## Exercise directions:
Return the data exactly, apart from leaving out the pictures.

## Input data:
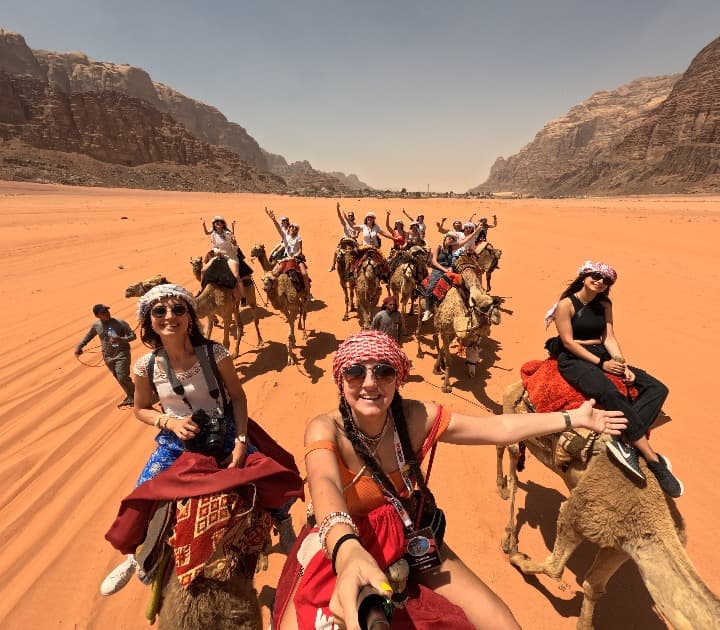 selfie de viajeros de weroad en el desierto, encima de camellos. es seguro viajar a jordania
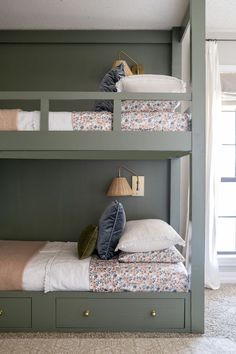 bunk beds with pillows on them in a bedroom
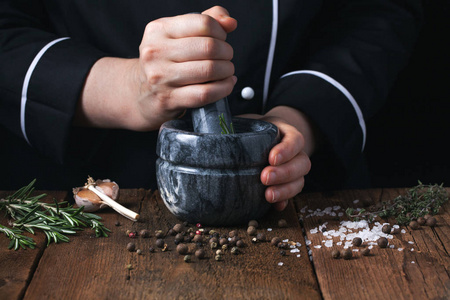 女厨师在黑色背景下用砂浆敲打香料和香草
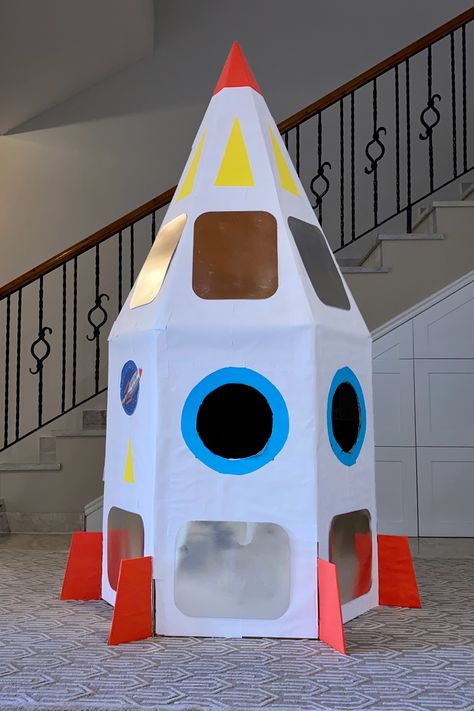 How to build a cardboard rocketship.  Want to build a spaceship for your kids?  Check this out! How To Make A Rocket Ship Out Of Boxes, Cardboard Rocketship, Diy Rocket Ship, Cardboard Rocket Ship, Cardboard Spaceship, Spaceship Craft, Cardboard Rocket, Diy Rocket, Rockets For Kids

## Task solution:
 selfie de viajeros de weroad en el desierto, encima de camellos. es seguro viajar a jordania
 bunk beds with pillows on them in a bedroom
 女厨师在黑色背景下用砂浆敲打香料和香草
 How to build a cardboard rocketship.  Want to build a spaceship for your kids?  Check this out! How To Make A Rocket Ship Out Of Boxes, Cardboard Rocketship, Diy Rocket Ship, Cardboard Rocket Ship, Cardboard Spaceship, Spaceship Craft, Cardboard Rocket, Diy Rocket, Rockets For Kids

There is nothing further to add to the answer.